The new search engine has contributed to a 20% increase in sales, as well as a 30% to 40% reduction in technical support calls, says Hardy.

Factiva, a New York-based joint venture of Reuters Group PLC and Dow Jones & Co., uses FAST to analyze 5 million news items per month from 10,000 sources and feed that information to 1.8 million paying business subscribers. Factiva uses a four-step automated and manual process to ensure that everything is correctly categorized. Customers can receive the data either as an XML feed or a Web service for integration into their corporate intranets, or their CRM or competitive-intelligence systems.

"We work with the clients to integrate the content behind their firewall and build out their own intranet," says Clare Hart, president of the Dow Jones Enterprise Media Group. "FAST fit the profile for both the commercial product and the relationship we could have with out clients."
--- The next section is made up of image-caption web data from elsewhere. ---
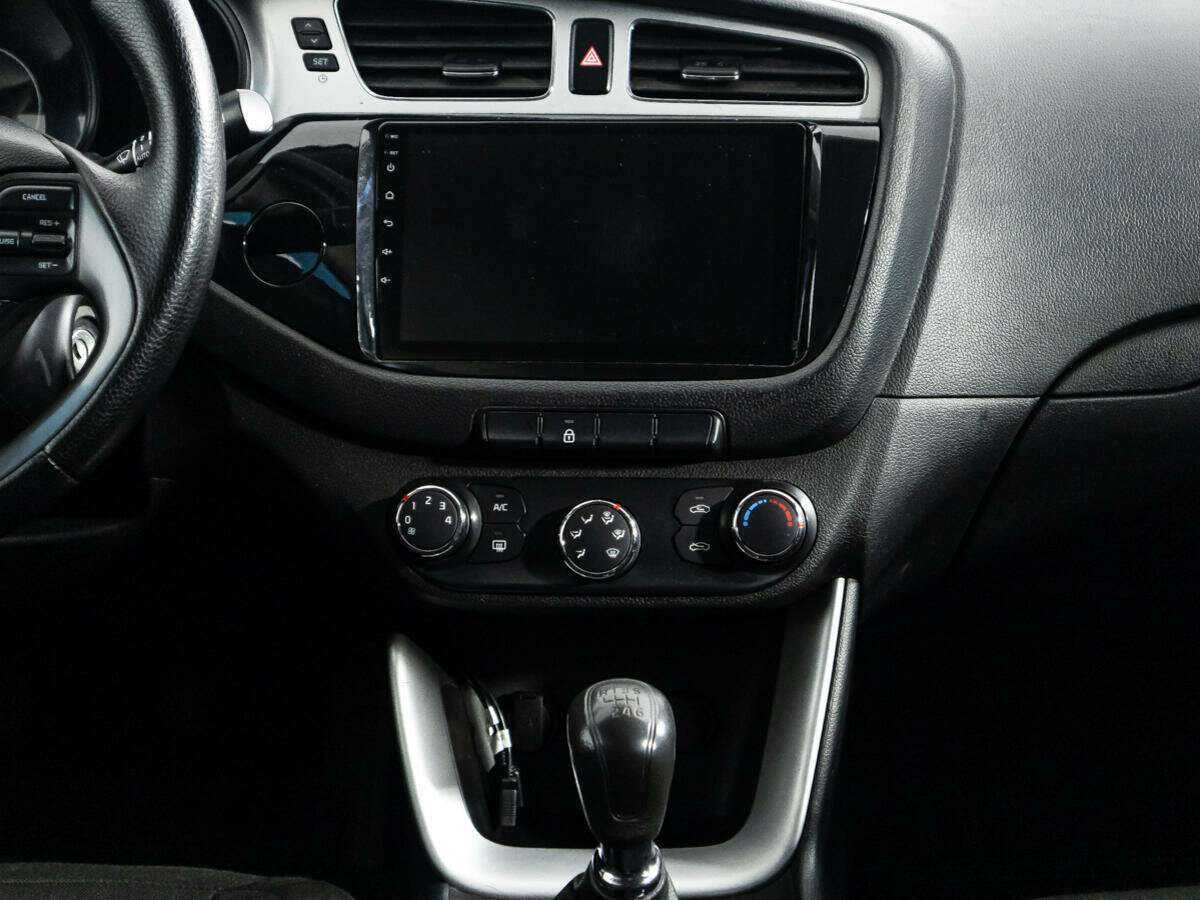 Kia Ceed с пробегом — 2012 год. Фото: #13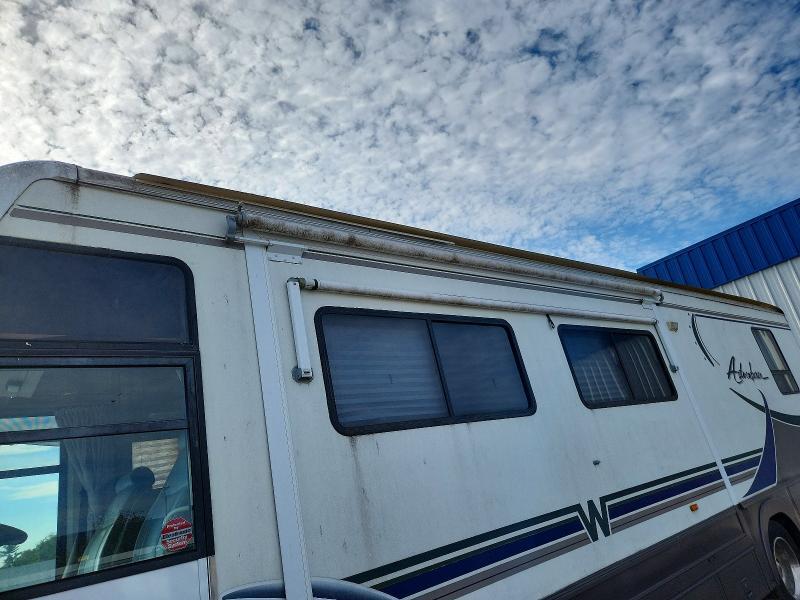 1997 WINNEBAGO ADVENTURE RV — Фото 9 из 10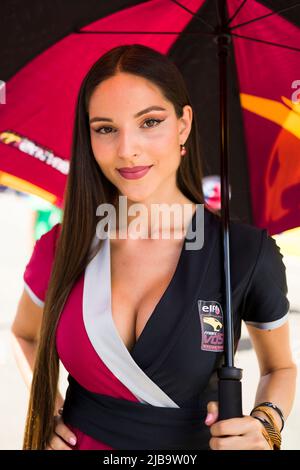 4th giugno 2022; circuito de Catalunya, Montmelo, Barcellona, Spagna: Gran Premi Monster Energy de Catalunya, MotoGP di Spagna, sessioni di qualificazione: Una ragazza paddock MotoGP pone durante le prove libere Foto Stock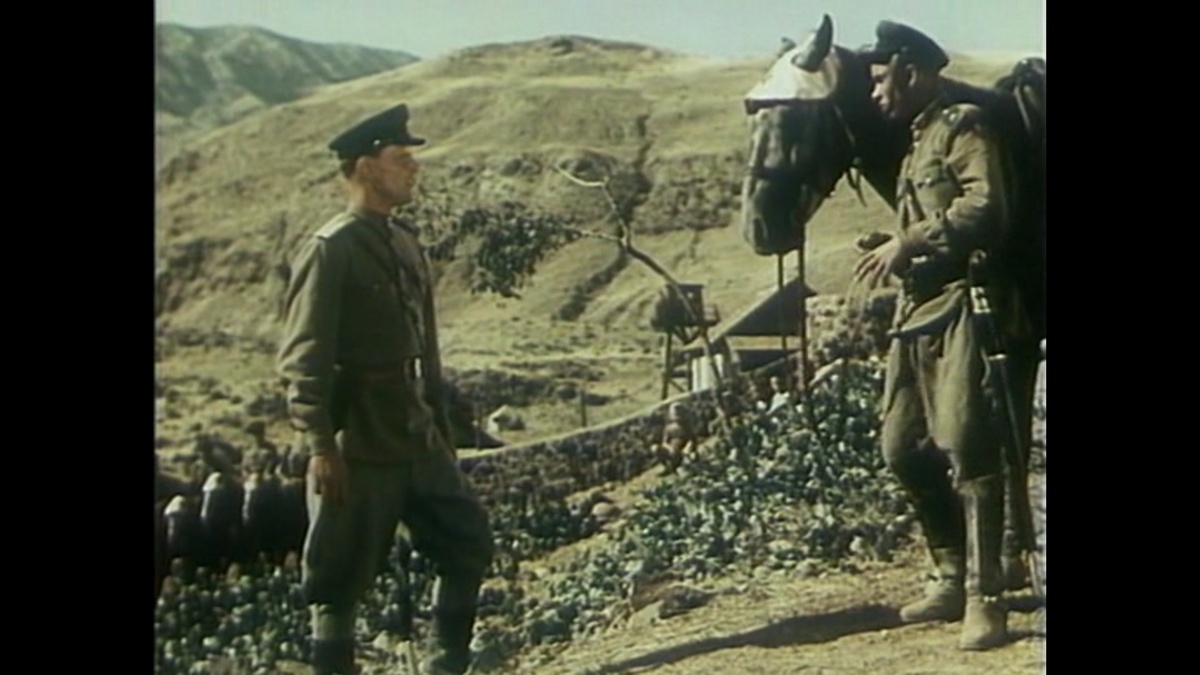 Пограничник с шашкой обр.1932 г. Кадр из фильма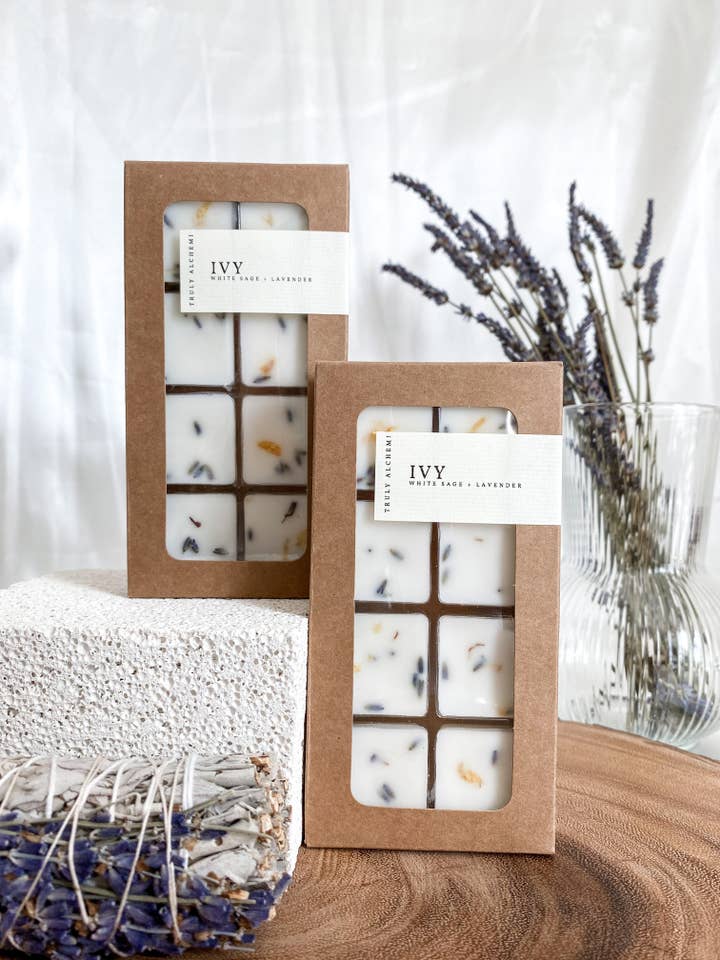 Ivy - White Sage & Lavender Wax Melts {set Of 8} for wholesale by Truly Alchemi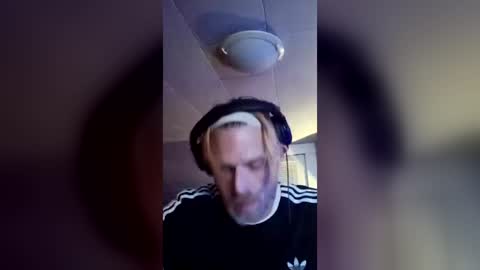 SeanPatrick online show from 08-05-26, 03:53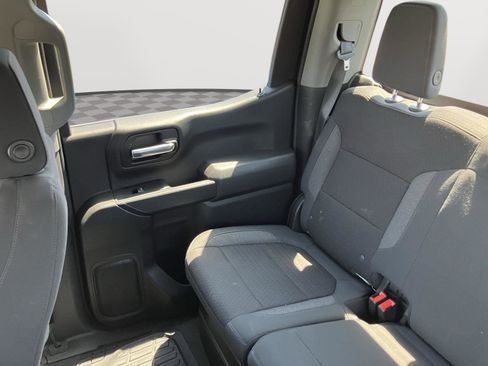 Used 2022 Chevrolet Silverado 1500 Custom Trail Boss w/ LPO, Dark Essentials Package AWD/4WD image 14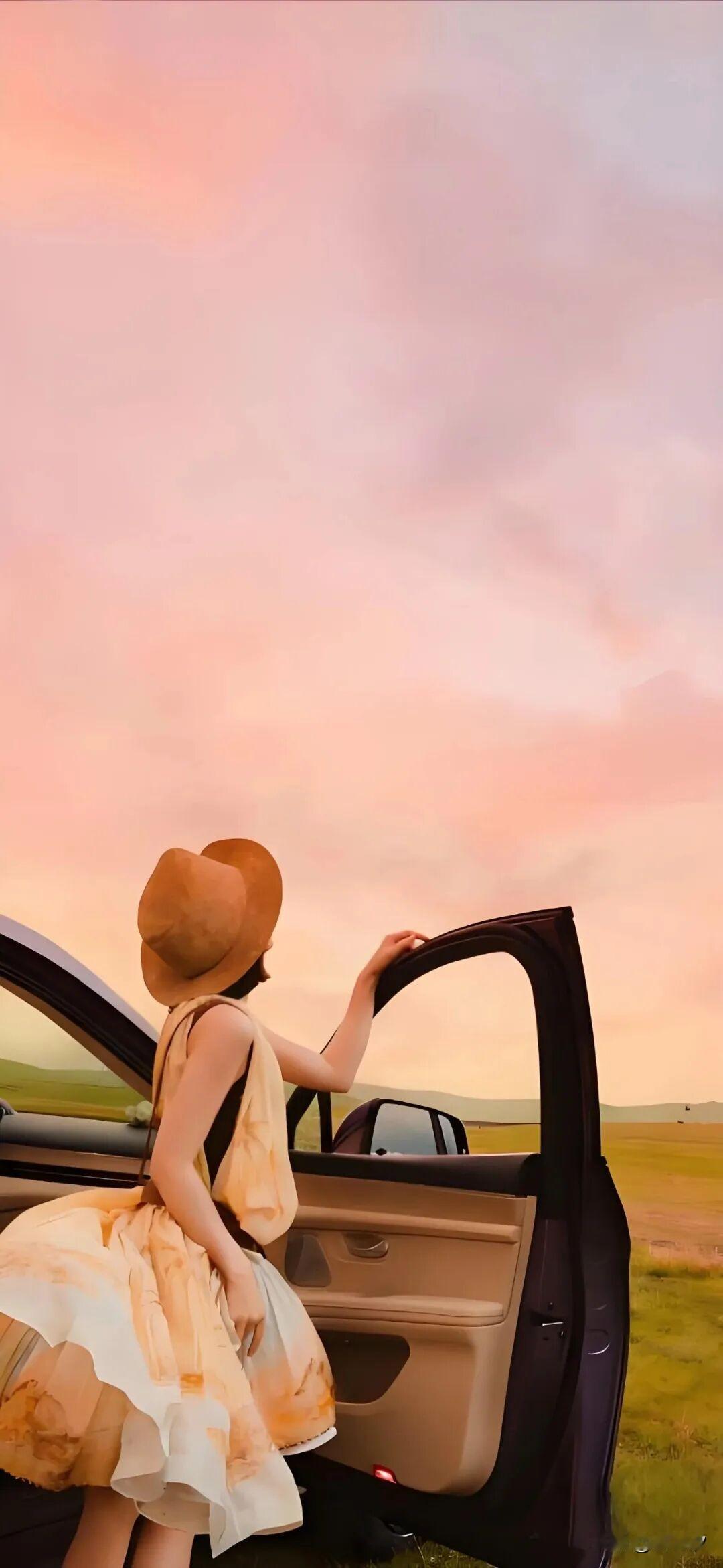 敬生活的暗淡，是接纳那些微光难寻的时刻——或许是突如其来的迷茫，是拼尽全力后的落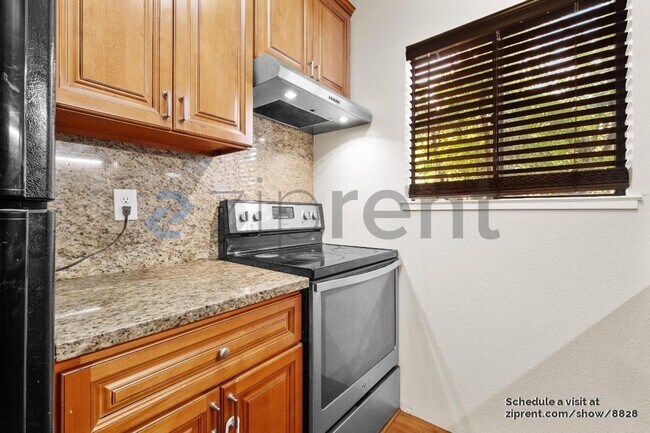 Building Photo - 454 Bolinger Common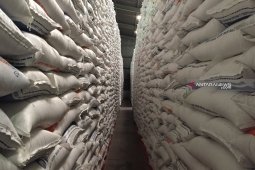 Bulog Jatim jamin ketersediaan bahan pokok selama Ramadhan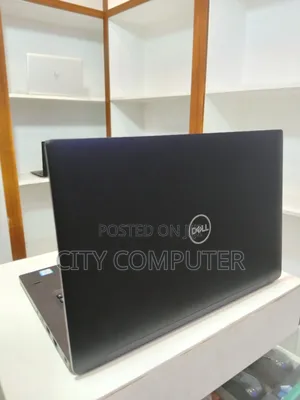 New Laptop Dell G15 5511 8GB Intel Xeon SSD 512GB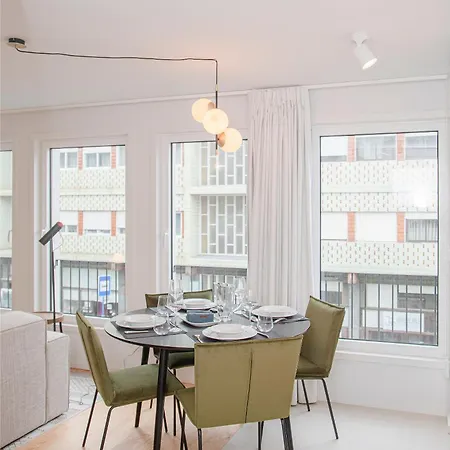 Liiiving In - Modern & Glam M Oporto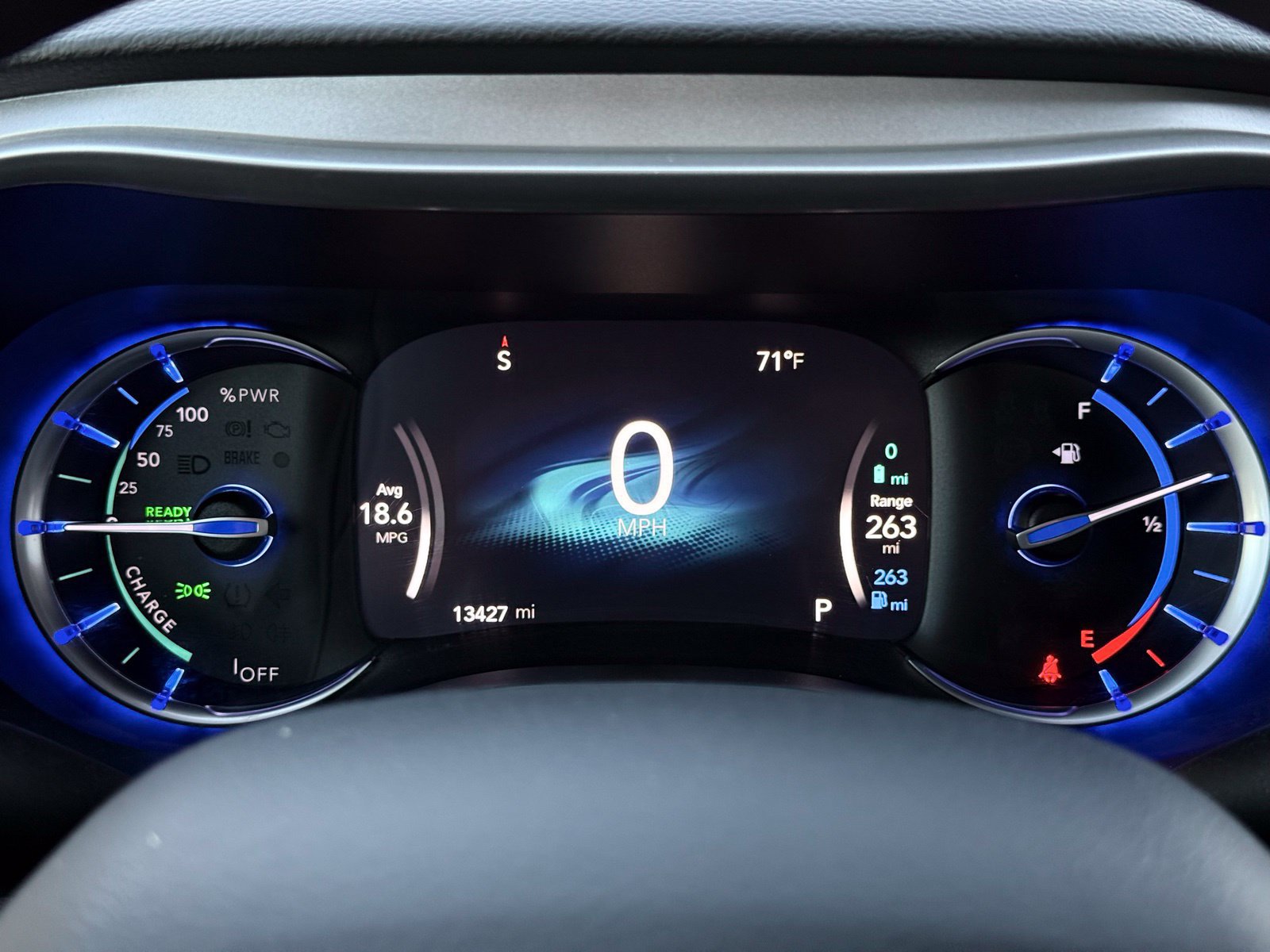 Used 2018 Chrysler Pacifica Touring Plus FWD image 36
Spending on enterprise search is growing much faster than overall IT spending, according to Forrester's Brown. Nearly all major enterprise search vendors experienced a 65% to more than 100% growth rate last year, he says. The question is whether it will remain as a separate software category for long.

"Enterprise search is getting embedded in a lot of different solutions, like business intelligence, compliance, e-discovery, surveillance, security, fraud detection and quality management," Brown says. "There is a whole range of business-critical applications that go beyond just document retrieval, and search is playing an important role there."

Search vendors, therefore, may wind up becoming absorbed by larger companies. For example, Yahoo bought Inktomi in 2003, and Oracle Corp. bought TripleHop Technologies Inc. last year and plans to integrate that company's search functions into its database line.

"There are indicators that information access is moving toward absorption into applications," says Gartner's Knox. "This seems to be how Microsoft is heading with Vista and Office 12, and may be what the bigger players such as IBM and Oracle go for."

Robb is a Computerworld contributing writer in Los Angeles.